The release includes a wireless LAN controller capable of managing and controlling thousands of access points (APs) across branch offices from a centralized data center. The company also added ScanSafe cloud-based Web security to its Integrated Services Router (ISR) G2 line, which prevents large WAN managers from having to backhaul Internet traffic to headquarters for security.
"Remote troubleshooting has always been a challenge to address [in the branch network]," said Michael Spanbauer, principal analyst with Current Analysis. "The simpler you can make the branch office, the more you can reduce your IT costs.”
Cisco cloud-managed wireless LAN
The new Cisco Flex 7500 Series Cloud Controller is a 1 RU wireless LAN controller capable of managing 2,000 wireless LAN access points and 20,000 mobile clients across 500 branches. It is available now at a list price of $47,995. The Flex 7500 supports Layer 2 wireless networking, secure guest access and rogue AP detection, as well as managing up to 50 APs. It does not support Layer 3 roaming and it won't support higher end rich media such as multicast video.
Data traffic is switched locally among the APs in a given branch, so if WAN connectivity is lost and APs can't communicate with the Flex 7500, they can still serve local clients, said Inbar Lasser-Raab, senior marketing director at Cisco.
Many enterprises aim for remote management of expensive wireless LAN controllers locally deployed in larger branch offices that don't have IT staff, Spanbauer said. By consolidating these distributed controllers with a single Flex 7500 in a central data center, a company can reduce both operational and capital expenses, he said. 
"Centralizing the challenging-to-configure hardware ultimately reduces your OpEx, because there's no need to send technicians out to replace or troubleshoot those controllers," he said.
Cisco also announced a new wireless LAN customer at Interop 2011, national retailer Bass Pro Shops, which adopted the new Flex 7500 after beta testing. The retail chain uses the 7500 to manage wireless LAN deployed across 54 stores, each with 35 or more wireless clients, including handheld scanners and wireless printers, as well as its corporate headquarters and distribution facility.

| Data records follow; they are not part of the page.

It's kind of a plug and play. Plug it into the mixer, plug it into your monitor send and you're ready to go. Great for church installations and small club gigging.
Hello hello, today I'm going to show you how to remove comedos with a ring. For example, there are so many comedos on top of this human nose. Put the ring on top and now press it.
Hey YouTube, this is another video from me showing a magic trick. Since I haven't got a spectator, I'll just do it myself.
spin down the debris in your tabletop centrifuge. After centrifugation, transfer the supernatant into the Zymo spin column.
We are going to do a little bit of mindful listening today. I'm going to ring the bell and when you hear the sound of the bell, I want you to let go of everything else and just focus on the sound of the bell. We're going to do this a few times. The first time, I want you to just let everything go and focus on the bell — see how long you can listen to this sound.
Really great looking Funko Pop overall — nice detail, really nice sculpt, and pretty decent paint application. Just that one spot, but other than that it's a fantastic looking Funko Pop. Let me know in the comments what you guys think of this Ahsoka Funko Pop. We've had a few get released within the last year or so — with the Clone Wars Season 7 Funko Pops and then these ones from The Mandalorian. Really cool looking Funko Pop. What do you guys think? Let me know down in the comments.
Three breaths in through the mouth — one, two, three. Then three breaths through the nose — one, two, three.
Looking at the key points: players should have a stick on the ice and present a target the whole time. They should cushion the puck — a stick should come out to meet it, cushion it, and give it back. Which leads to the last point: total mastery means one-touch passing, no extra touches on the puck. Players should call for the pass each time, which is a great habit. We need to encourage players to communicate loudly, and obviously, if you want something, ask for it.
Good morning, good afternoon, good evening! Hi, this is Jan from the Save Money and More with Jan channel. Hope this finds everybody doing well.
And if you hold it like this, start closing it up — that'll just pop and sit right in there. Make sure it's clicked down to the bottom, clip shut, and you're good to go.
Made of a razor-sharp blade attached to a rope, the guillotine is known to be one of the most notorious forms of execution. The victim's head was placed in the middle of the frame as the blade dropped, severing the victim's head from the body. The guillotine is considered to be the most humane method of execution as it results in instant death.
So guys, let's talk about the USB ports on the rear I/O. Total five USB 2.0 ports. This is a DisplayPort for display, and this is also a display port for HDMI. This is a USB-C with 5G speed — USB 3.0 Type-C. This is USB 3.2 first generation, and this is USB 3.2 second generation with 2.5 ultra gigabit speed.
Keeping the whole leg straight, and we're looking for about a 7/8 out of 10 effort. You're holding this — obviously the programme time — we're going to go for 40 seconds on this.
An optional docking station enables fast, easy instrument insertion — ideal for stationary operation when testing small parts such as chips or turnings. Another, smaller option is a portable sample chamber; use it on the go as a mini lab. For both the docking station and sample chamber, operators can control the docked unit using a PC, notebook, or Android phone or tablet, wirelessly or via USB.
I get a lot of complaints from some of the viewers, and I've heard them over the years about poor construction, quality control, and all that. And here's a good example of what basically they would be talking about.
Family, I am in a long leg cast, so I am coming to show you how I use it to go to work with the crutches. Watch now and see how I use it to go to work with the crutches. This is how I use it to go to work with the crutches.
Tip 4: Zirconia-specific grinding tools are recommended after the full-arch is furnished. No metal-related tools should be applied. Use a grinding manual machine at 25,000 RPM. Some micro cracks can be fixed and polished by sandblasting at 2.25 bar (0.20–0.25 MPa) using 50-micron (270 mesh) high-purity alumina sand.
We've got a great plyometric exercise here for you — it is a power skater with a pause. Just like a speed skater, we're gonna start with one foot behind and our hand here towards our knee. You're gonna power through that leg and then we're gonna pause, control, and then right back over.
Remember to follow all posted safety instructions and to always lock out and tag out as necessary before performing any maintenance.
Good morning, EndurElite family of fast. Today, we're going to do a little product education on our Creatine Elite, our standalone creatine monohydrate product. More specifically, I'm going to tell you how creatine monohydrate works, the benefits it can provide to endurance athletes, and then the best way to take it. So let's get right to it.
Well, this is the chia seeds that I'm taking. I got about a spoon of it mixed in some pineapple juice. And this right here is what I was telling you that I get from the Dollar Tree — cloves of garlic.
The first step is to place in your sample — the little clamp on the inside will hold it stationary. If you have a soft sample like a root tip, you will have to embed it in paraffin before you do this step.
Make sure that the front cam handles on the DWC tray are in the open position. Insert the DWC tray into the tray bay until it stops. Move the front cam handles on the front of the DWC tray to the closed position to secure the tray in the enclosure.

Director of IT Services Steve Marshall started beta testing the Flex 7500 at Bass Pro Shops "because of Cisco's promise that there was added resiliency for the APs and potential costs saving," he said. "We will see savings in new stores as we no longer need local controllers."
Centralized cloud wireless LAN management also means the ability to roll out OS updates across the branches. After all, “if you make one change to this controller, that can go out to a set of 200 branches whether it's security, management or other wireless enhancements,” said IDC analyst Rohit Mehra.
Pushing controller functionality to the cloud is not necessarily a novel approach. Meraki has been a pioneer in the space, offering a subscription-based, wireless LAN cloud controller service, rather than a physical box like Cisco. Aerohive distributes wireless LAN controller functionality across its APs with just its centralized management server, HiveManager.
Cisco also announced at Interop 2011 that ScanSafe Web security will be available in the ISR G2 in July as part of the line's existing security bundle license, which starts at $2,595 per box. Although ScanSafe is a free addition to the ISR security bundle, customers will have to subscribe to the general service in order to take advantage of the ISR feature.
"The vast majority of organizations still backhaul [Internet traffic] to headquarters for security," Lasser-Raab said. "One of the biggest challenges most organizations face is ever-increasing WAN requirements. More are deploying video services."